Cooler holds food, memories
Published 1:05 am Saturday, September 18, 2010
While our son bustled around our house gathering his belongings in preparation for his return to southwest Louisiana last weekend, my husband hunted an ice chest in our garage. During our son’s brief visit, I had visited Wingard’s Farm Market and bought several bags of his favorite peas, along with some nice, firm, delicious Alabama tomatoes for him. I blanched the peas and froze them, so they were ready to pack in an ice chest.

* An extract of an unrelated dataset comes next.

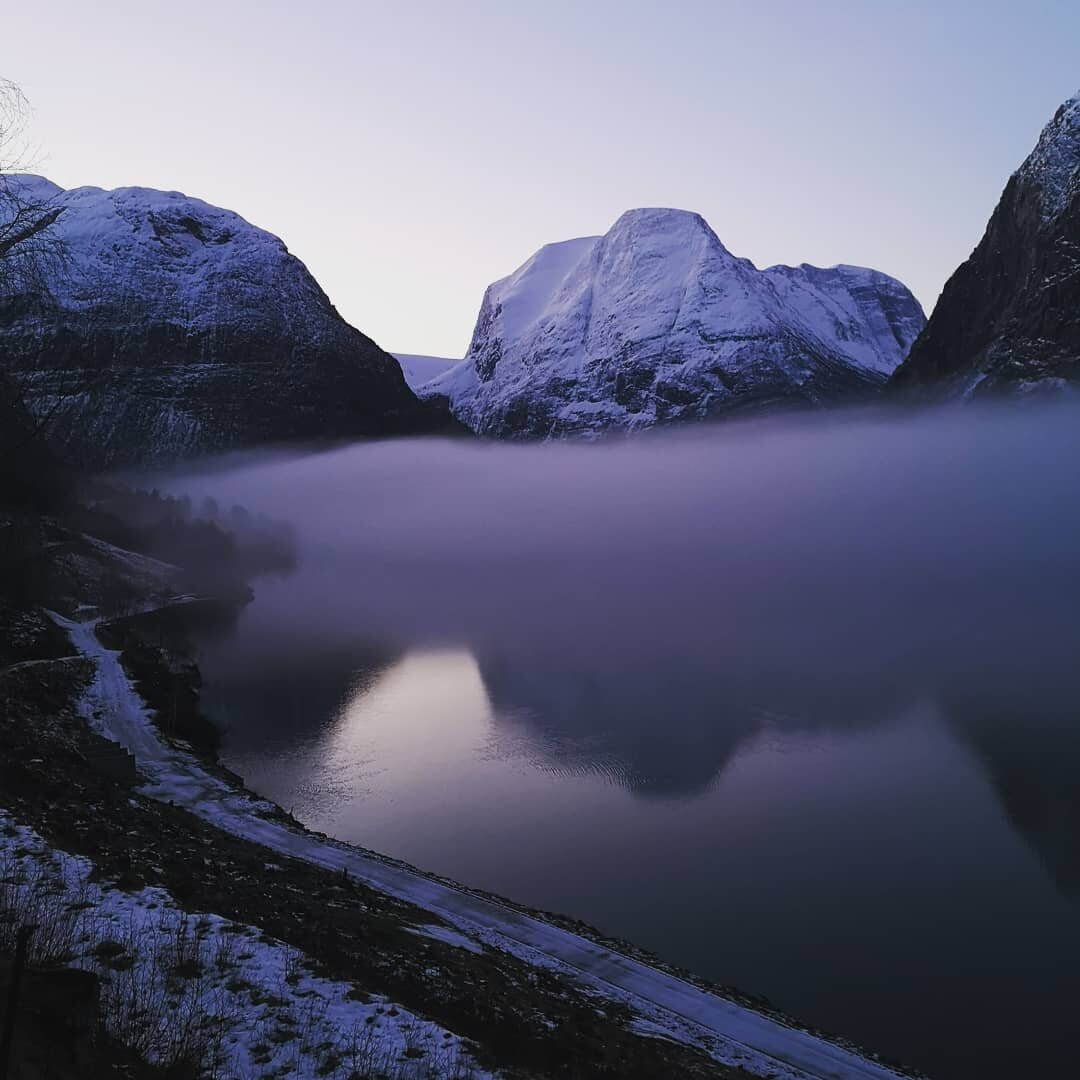 Morgenstund i Lodalen. #lodalen #lovatnet #hogrenningferiehytter #nordfjord #sognogfjordane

I had to smile as my husband brought in a small ice chest we’ve had for years. I can’t begin to count how many times we lugged it along on camping trips. For some time, however, it has sat forgotten in a corner in the garage, pushed back as we reached for two larger ones on our monthly grocery shopping trips. It was dusty and in need of some soapy water and a good scrubbing inside and out. When I finished that little job, it looked better, but there was no doubt it had seen better days.
I poured a generous amount of ice cubes into a plastic bag and placed it in the ice chest. Then, after over-wrapping the frozen bags of peas, I placed them on top of the bag of ice. Just to make sure everything kept as cold as possible, I included an ice pack from my freezer that came with a Honey Baked Ham we received last December. My daughter and I packed a few more items in the chest, including a foil-wrapped hunk of pound cake from Dean’s Cake House, some soft drinks, and the bag of tomatoes.
When I closed the chest, I smoothed masking tape over two holes in the hard plastic cover after stuffing a paper napkin in each one. Every time I see that ice chest, I remember and chuckle over how those holes got there. Years ago, I had placed the little chest beside our travel trailer at our campsite in Gulf State Park. We took along some bird seed on that trip to see what kind of birds we could attract in that woodsy setting. Birds came, but squirrels soon outnumbered them. After I scattered seeds close to our campsite, I put the bag with the remaining seeds in the ice chest. I went back inside and sat down to read. When I glanced out the window, I saw a squirrel standing on its hind legs chomping down on the ice chest cover, trying its best to gnaw its way into the chest. I opened the door and yelled. It raced away, leaving little fragments of hard plastic on the ground and those holes on top of the lid.
Surprisingly those holes weren’t deep enough to affect the ice chest’s efficiency. It served its purpose many times over. “I’ll bring it back next visit,” our son said, as he fitted it in his car. We won’t miss it, of course, but it has brought us a smile of remembrance through the years.